In mathematical and algorithmic terms, this has a number of consequences: (i) some model(s) need to be proposed, (ii) those models need then to be exactly tested, (iii) the tests need to be exhaustive.
Because of a lack of knowledge, lack of data, and/or the complexity of what needs to be modelled, the first step may take a long time in maturing towards a reasonable yet useful model. It may also require refinement through successive model building and testing loops. All currently developed models remain thus clearly limited or inaccurate, whether this concerns metabolism – to study the interface between the networks of a host and its symbiont(s) or the impact of symbiosis on a host; gene expression – to evaluate the possible role of polymorphisms or small RNAs in the interaction with endosymbionts; genome evolution, to establish whether there is a difference between species in a harmful interaction (pathogens) and those in a positive or neutral relationship; or symbiotic dynamics – to evaluate the co-evolution of species and precisely establish the dynamics of their interactions as well as to understand the genetic architecture of a parasitic invasion.

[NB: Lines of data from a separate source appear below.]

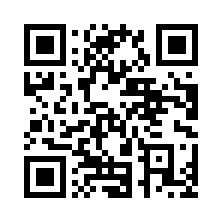 QR Code for 1JvQzzFEAfgWJtUn7ytDQnPrSZXdfhUbAw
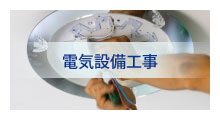 dCݔH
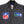 Seattle Seahawks Blackout Legacy Varsity Jacket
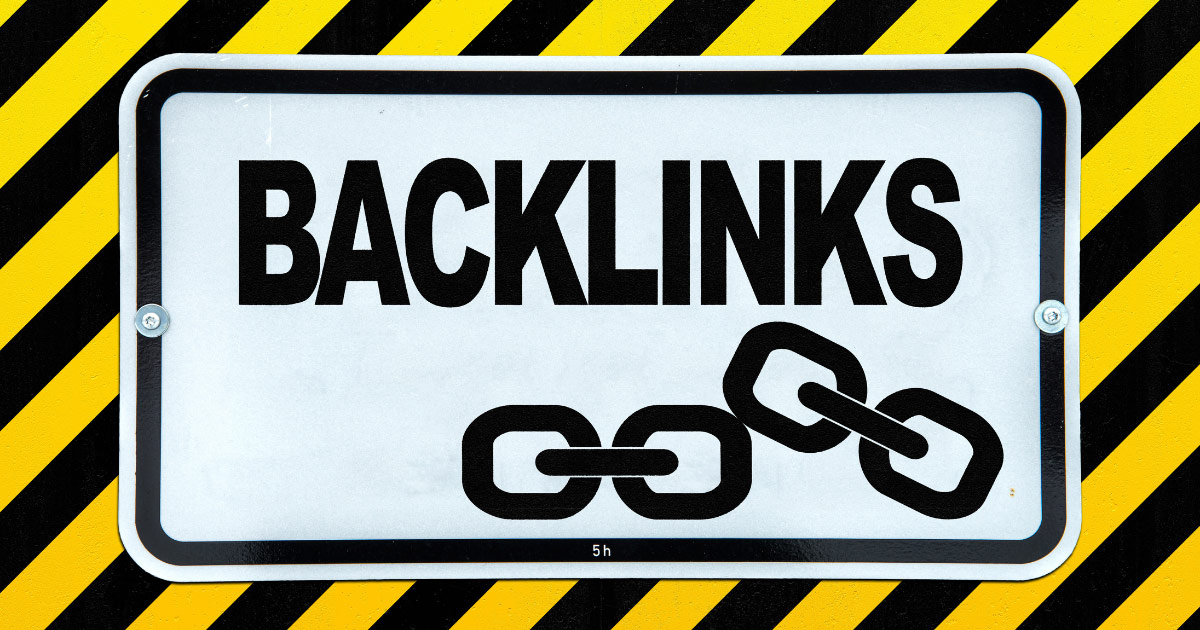 Backlinks có quan trọng thế nào 1 bạn làm SEO?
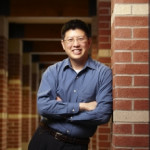 Dr. Benjamin L Cho, MD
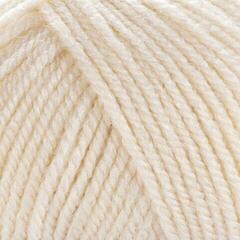 Strickgarn Yarn Art Shetland 503 Strickgarn - 1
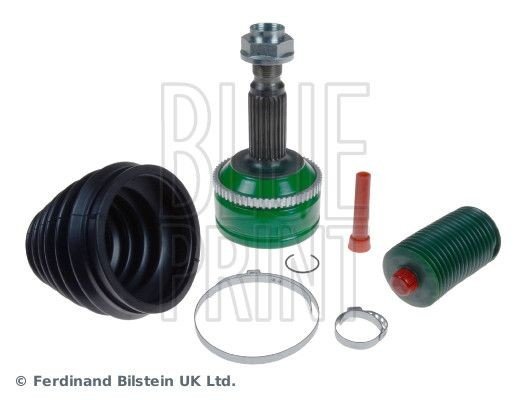 Blue Print Drivknute drivaksel BLUE PRINT ADJ138905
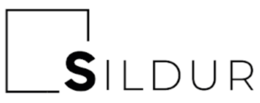 SILDUR     Agencia Inmobiliaria
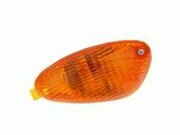 Blinker vorn rechts Gilera Runner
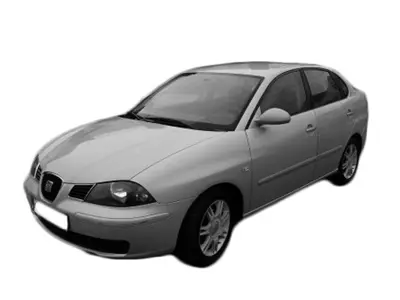 PHIRA IB-02107 Panjur On Sol Sıyah Cordoba 02> 6L08536779B9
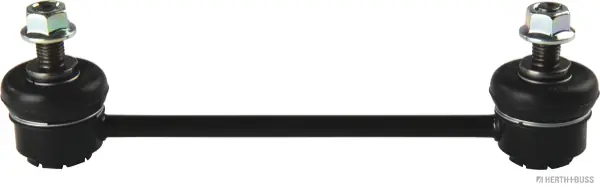 Stabilisatorstang Herth+Buss Jakoparts J4890313 Merkproduct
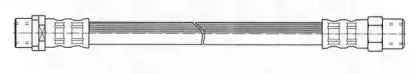 cef-511096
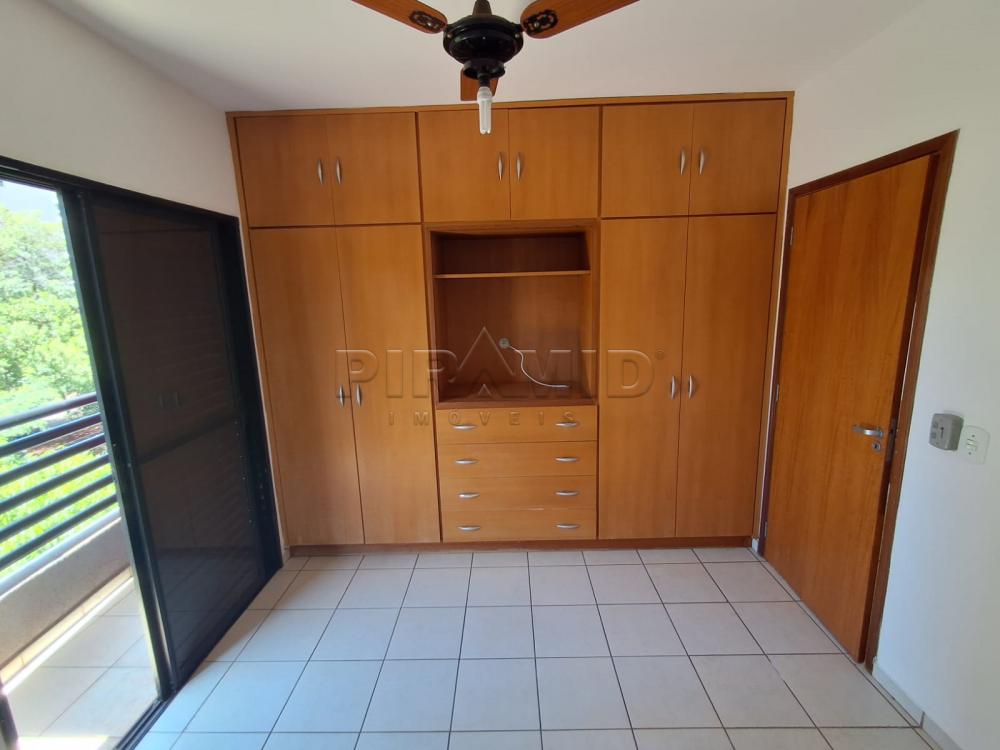 Alugar Apartamento / Padr&atilde;o em Ribeir&atilde;o Preto R$ 1.200,00 - Foto 7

The second step is often not considered essential, and indeed many of the most used methods for computational analysis of biological data are heuristics, i.e. do not guarantee any characteristic of the result obtained in relation to the solution sought. Without this however, it is clear that interpretation becomes difficult, and could be wrong. For instance, in the case of the transcriptome assembly of the insect Asobara tabida, the use of an available software built on several heuristics disregarded the polymorphism present in a gene called SXL. Instead, our exact method was able to recover such polymorphism and thus to suggest a new link between this gene and the observed phenotype.
Finally, as concerns the third step, even when exact solutions are sought, if more than one is possible, it is also often not considered essential to find them all. However, we showed within this project that this can be highly misleading. A most dramatic example of that is related to the study of the dynamics of species interactions. We showed, first that this highly depends on the estimated frequency of each of the possible co-evolutionary events that underlie such dynamics that is used as input for the method that then tries to establish the history of the interactions, and second, that there may be a huge number of scenarios for this history, all equally valid.
From an algorithmic perspective, this points to the importance of developing conceptual frameworks for exact enumeration techniques, or for techniques that can guarantee some characteristics of interest. This remains a largely underexplored area that has many other potential applications besides biology.